*** Records for the exercise ***

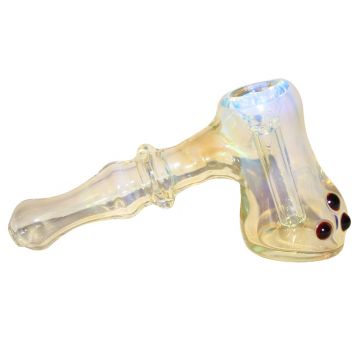 Glass Hammer Bubbler - Fume and Color Dots - Red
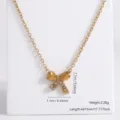 Elegant golden bow pendant necklace with rhinestones and detailed product dimensions - Bow Knot (81776) / 1 Piece/Pack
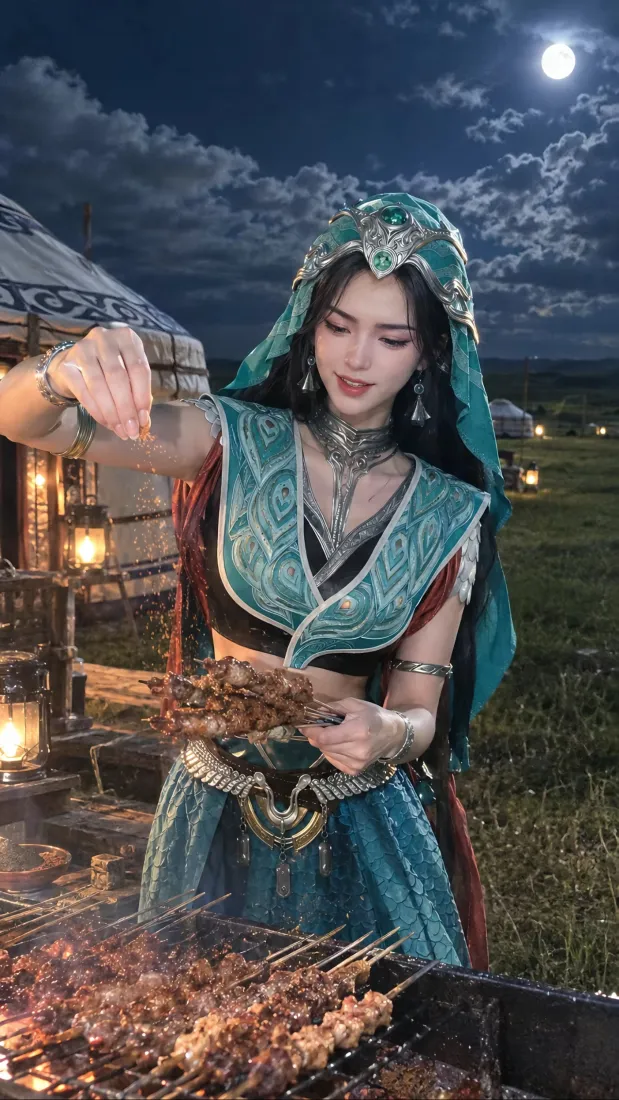 凡人修仙传慕兰圣女手机壁纸｜草原月夜烤肉背景图片 - 异域风情绿衣美女「哲风壁纸」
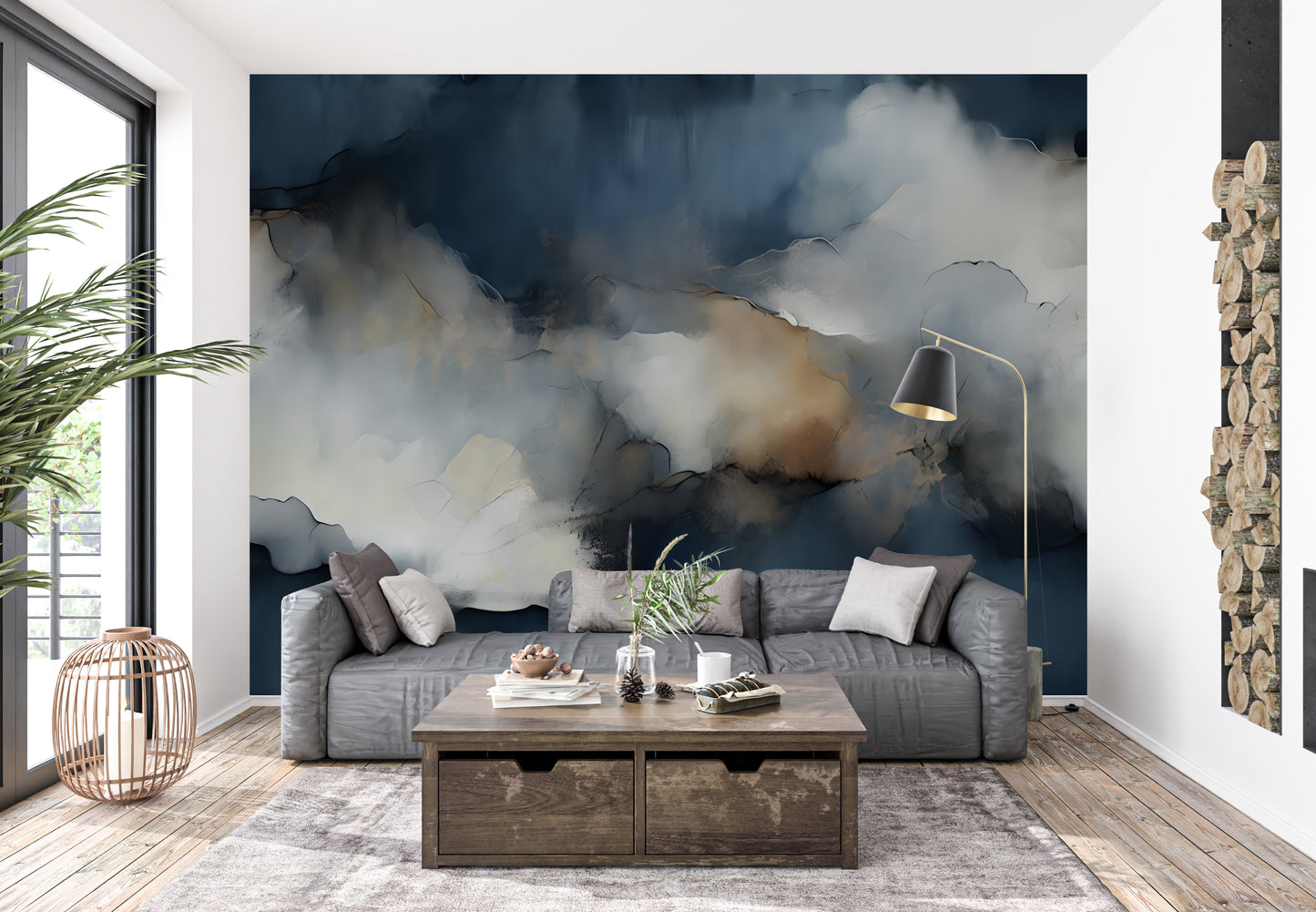 Blue Abstract Wallpaper Mural Canvas Wall Art Mural Wallpaper for Living room, peel and stick, traditional wallpaper mural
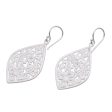 Bali Windows Hand-Carved Floral Bone Dangle Earrings from Bali For Discount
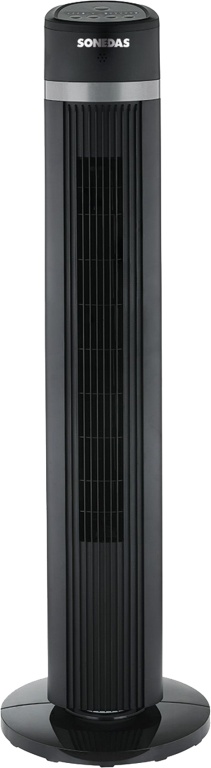 Ventilador torre negro 101cm 45W en stock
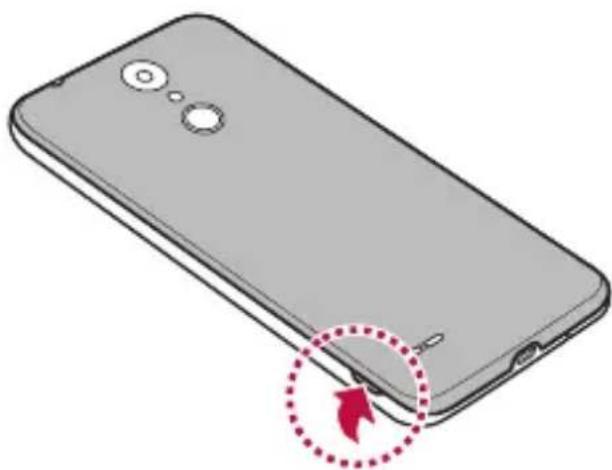 LG LM-X210EMW - SIM kartes ievietošana - 1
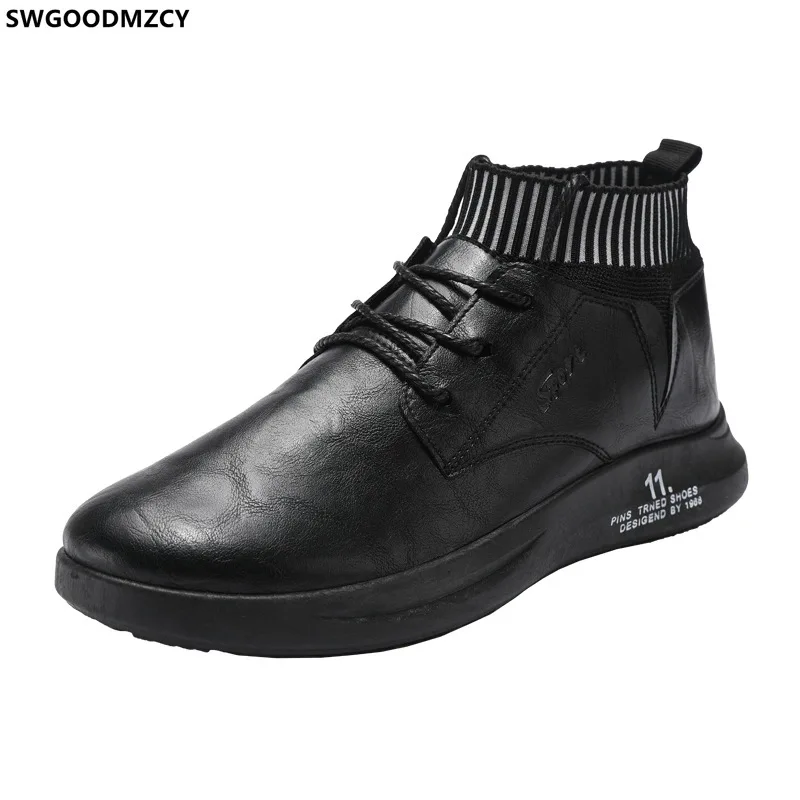 Black Leather Casual Shoes for Man 2022 Platform Shoes Men Designer Sneakers Sock Shoes Man Ayakkabı Mocasines Zapatos Planos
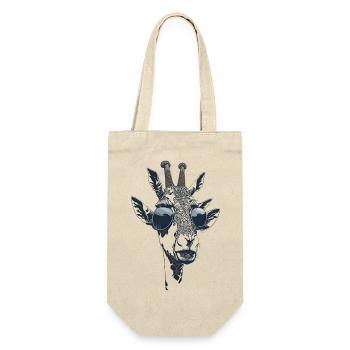 The portrait of a giraffe with sunglasses - Gift Bag for Bottles - nature - Front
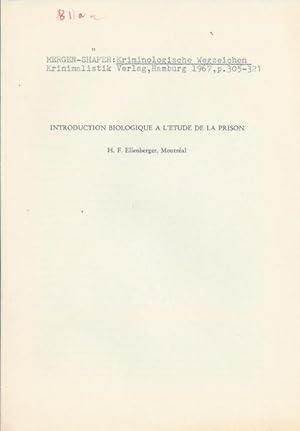 Immagine del venditore per Introduction biologique  l'tude de la prison OFFPRINT venduto da PRISCA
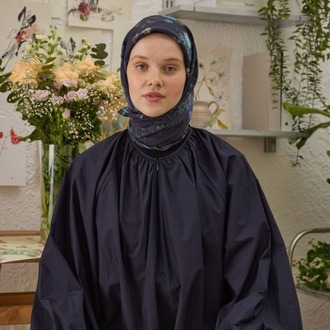 Fresh Scarfs - Delia Desen Pamuk İpek Eşarp - Lacivert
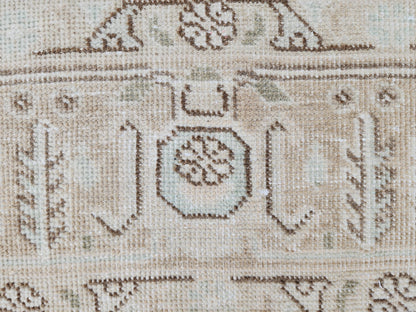 8x11 Neutral Geometric Rug: Oriental Hand Made, Beige and Brown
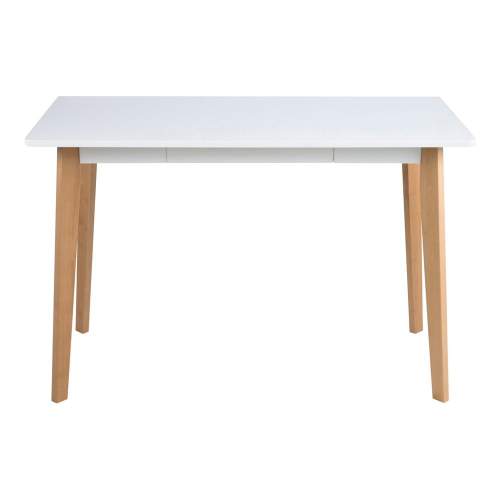 Scandi Bílý dřevěný pracovní stůl Corby 117 x 58 cm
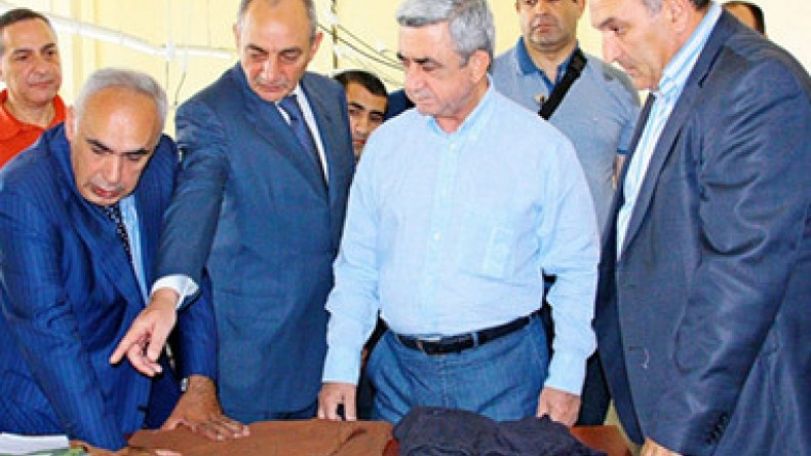 Presidents of Armenia and NKR visit Silk Plant in Stepanakert 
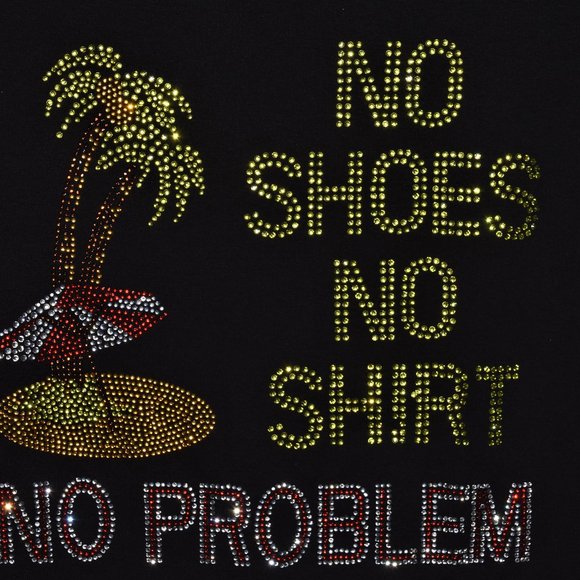 No Shoes Rhinestone tank top - Picture 3 of 7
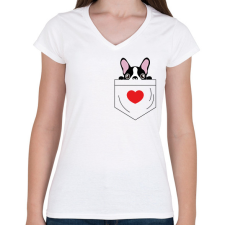 PRINTFASHION Boston Terrier zsebben - Női V-nyakú póló - Fehér női póló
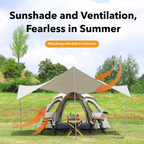 Campstone automatic hexagon camping tent with expandable awning and built-in ventilation system for sunshade and airflow.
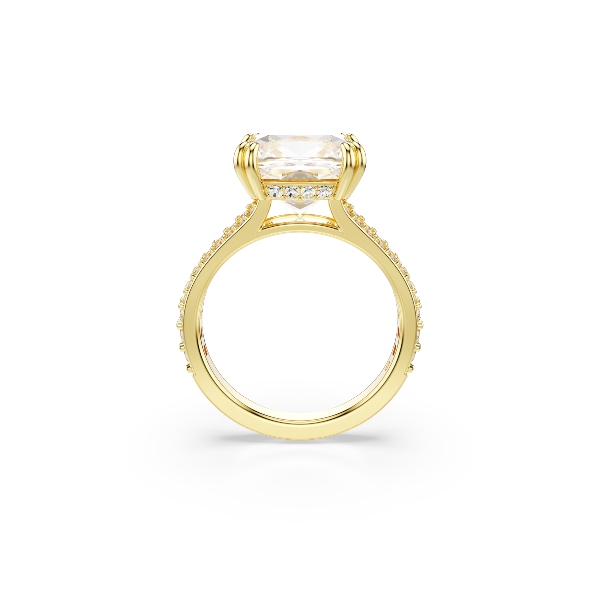 Коктейльное кольцо, Квадратная огранка, Белый, Покрытие оттенка золота Stilla Swarovski 4
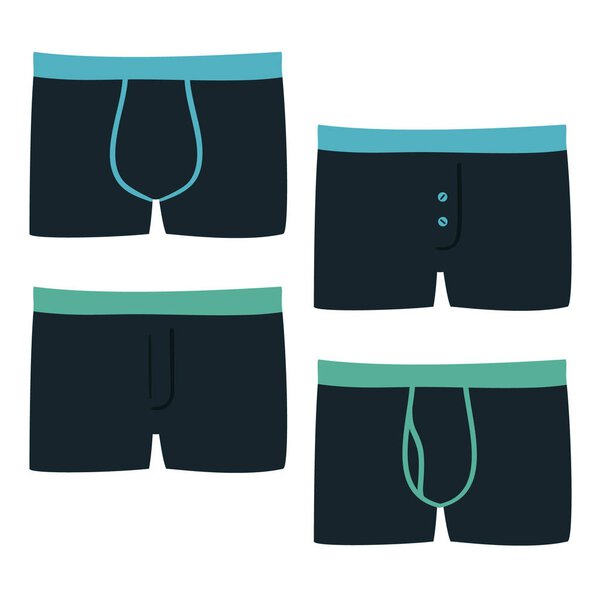 Men`s black underwear -  vector illustration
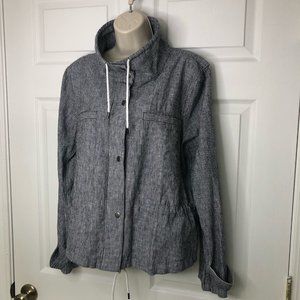 LOFT Linen Blend Twill Cinched Jacket  L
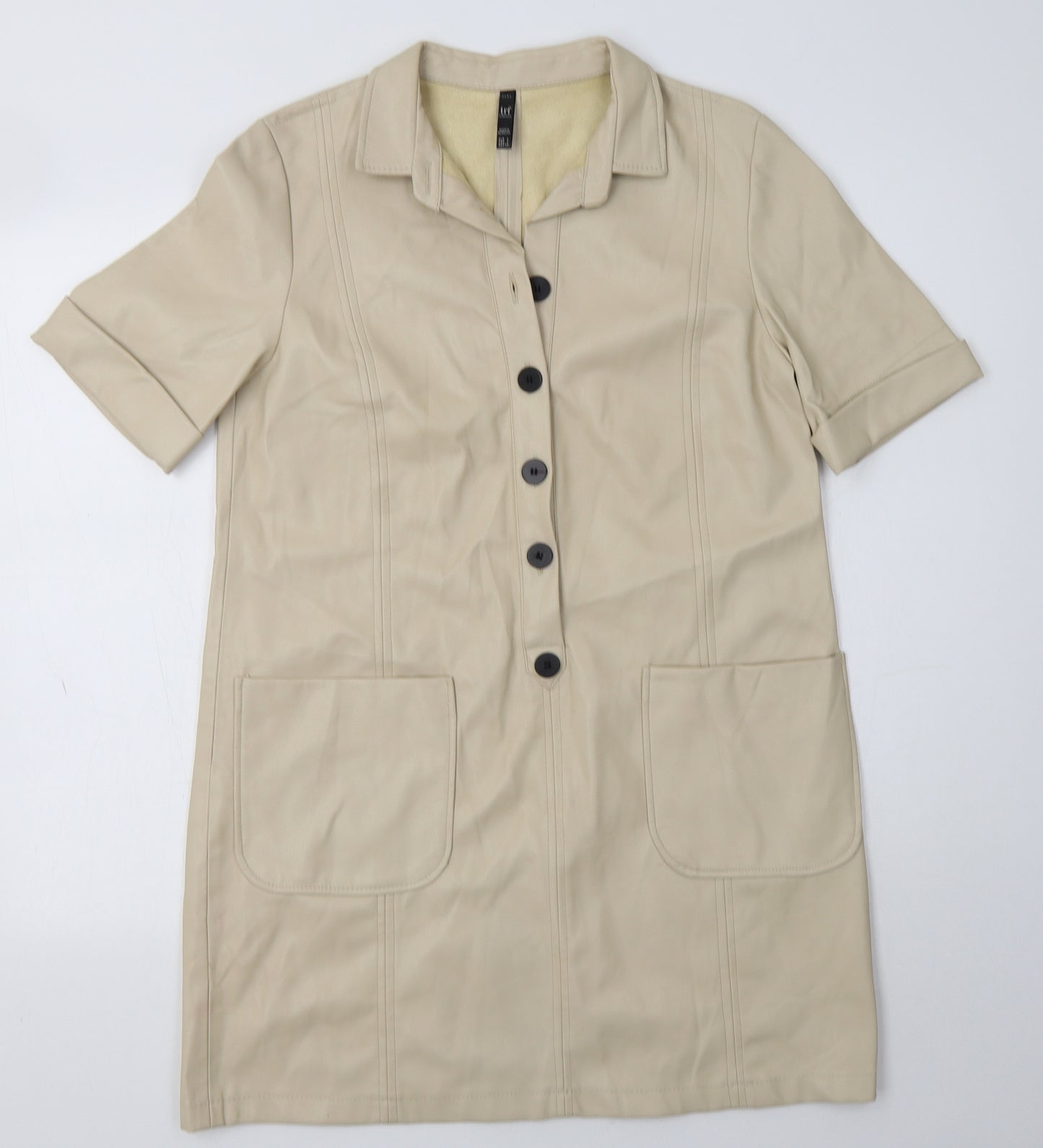 Zara Womens Beige  Polyester Shirt Dress  Size L  Collared  - Faux Leather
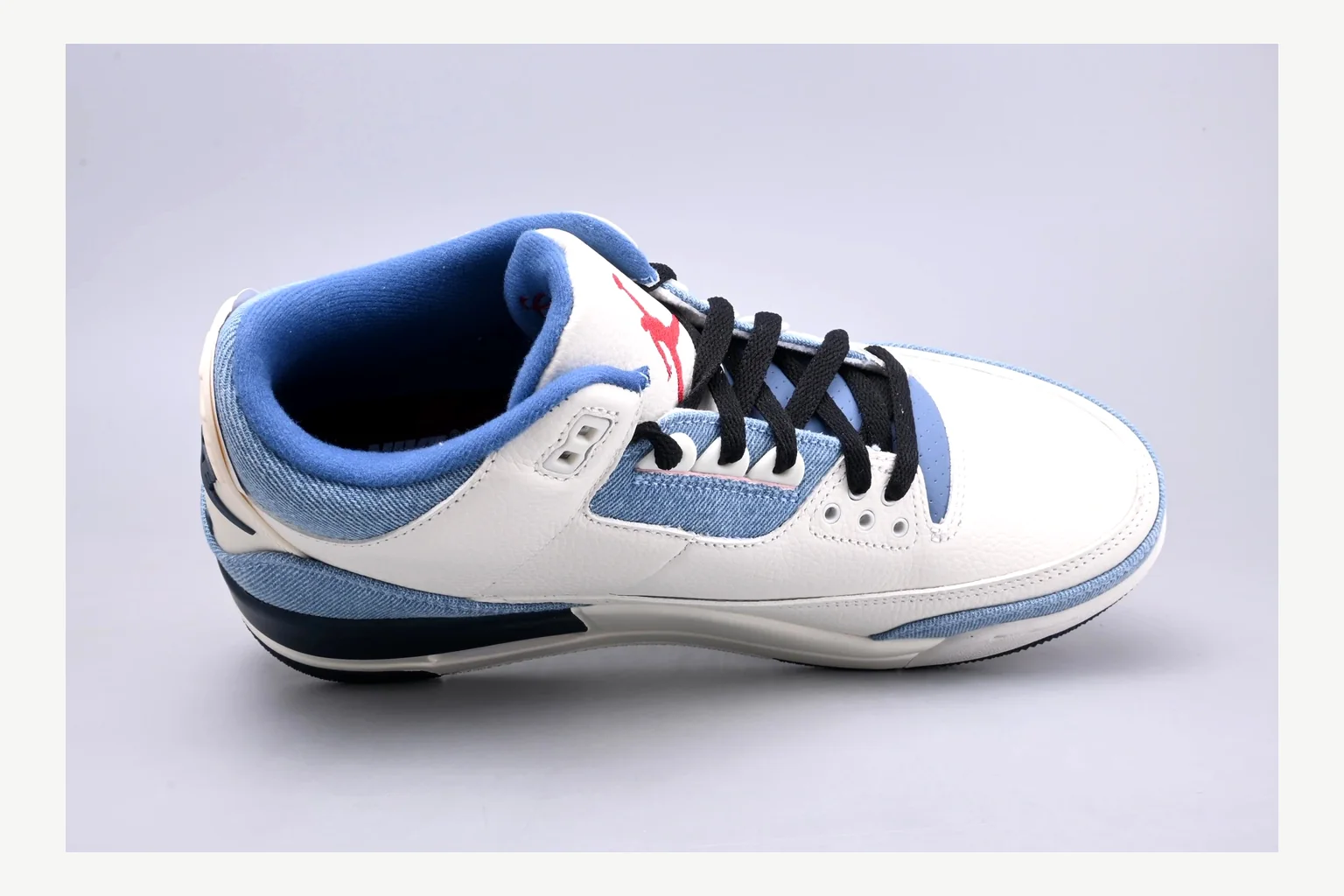 Jordan Air Jordan 3 Blue Sneaker Sheetbase record image with white blue low-top sneaker with mixed-material upper and low-profile shape thumbnail 2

*** End of Records for the exercise ***

__Exercise directions__
Return verbatim every line from the line containing "Ventilador torre negro 101cm 45W en stock" to the last line of the entries above, inclusive, and leave out the pictures.

__Task output__
 Ventilador torre negro 101cm 45W en stock
 LG LM-X210EMW - SIM kartes ievietošana - 1
 Black Leather Casual Shoes for Man 2022 Platform Shoes Men Designer Sneakers Sock Shoes Man Ayakkabı Mocasines Zapatos Planos
 The portrait of a giraffe with sunglasses - Gift Bag for Bottles - nature - Front
 Immagine del venditore per Introduction biologique  l'tude de la prison OFFPRINT venduto da PRISCA
 Fresh Scarfs - Delia Desen Pamuk İpek Eşarp - Lacivert
 8x11 Neutral Geometric Rug: Oriental Hand Made, Beige and Brown
 Scandi Bílý dřevěný pracovní stůl Corby 117 x 58 cm
 Presidents of Armenia and NKR visit Silk Plant in Stepanakert 
 No Shoes Rhinestone tank top - Picture 3 of 7
 PRINTFASHION Boston Terrier zsebben - Női V-nyakú póló - Fehér női póló
 Campstone automatic hexagon camping tent with expandable awning and built-in ventilation system for sunshade and airflow.
 Коктейльное кольцо, Квадратная огранка, Белый, Покрытие оттенка золота Stilla Swarovski 4
 Men`s black underwear -  vector illustration
 LOFT Linen Blend Twill Cinched Jacket  L
 Zara Womens Beige  Polyester Shirt Dress  Size L  Collared  - Faux Leather
 Jordan Air Jordan 3 Blue Sneaker Sheetbase record image with white blue low-top sneaker with mixed-material upper and low-profile shape thumbnail 2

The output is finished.